How To Change the World, 2

Clearly, more than just getting worship right is important in changing the world, but since worship is the central act of God’s people, performed on the first day of the week at the center of the world before the very face of God, surely worship sets the tone of everything else.

We have seen that God calls us to holy war, first of all the “wrestling at Penial” of singing the psalms before His throne and calling on Him to act. This time I want to focus on what God has done for us, and how very often we refuse to receive it, and how this ruins the power of the Church.

It’s very simple: God has given us rest.

That’s it.

Jesus has done it all. Jesus came down from heaven and gave us the Kingdom. We did not earn it. We did not deserve it. It was given to us free of charge.

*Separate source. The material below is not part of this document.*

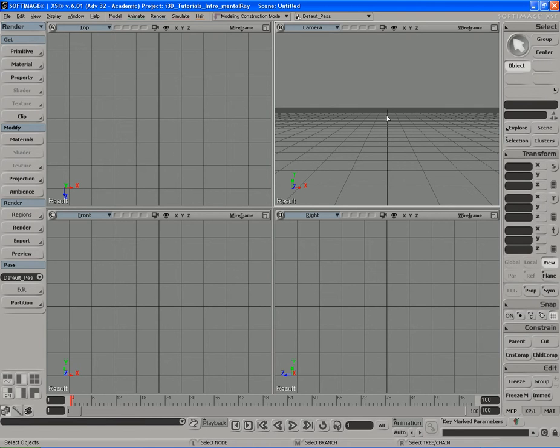Alright, welcome back. In this final stretch of the tutorial, we're going to touch on a subject called caustics. Caustics is another lighting technique of Mental Ray. As you can tell by now, Mental Ray has a bunch of lighting techniques and different features you can take advantage of to achieve photorealistic rendering as well as other awesome non-photorealistic results.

Jesus has made us enthroned kings in union with Him. Jesus has ascended to God’s right hand to rule the world, replacing the angels. And we are in union with Him.

Hence, we also are seated in the heavenlies.

But you would seldom know it.

Over and over the New Testament tells us to sit for our meal with God. Six times we are told that Jesus commanded people to sit when He fed the 5000 and the 4000. The text does not say “the people sat down” or even “Jesus gave the people permission to sit” (which would be strange enough), but that He commanded them to sit! Evidently, sitting for a meal with Jesus is important to Him, and important to the Spirit who inspired the evangelists to record His command six times. Numerous other passages show that the picture of the Kingdom is always of people seated with God: Matthew 14:17-19; 15:34-36; Mark 6:39-40; 8:6; Luke 9:14-15; John 6:10; Matthew 8:11; Luke 12:37; 13:29; 14:10: Ephesians 2:6; Matthew 26:20; Mark 14:18; Luke 22:14.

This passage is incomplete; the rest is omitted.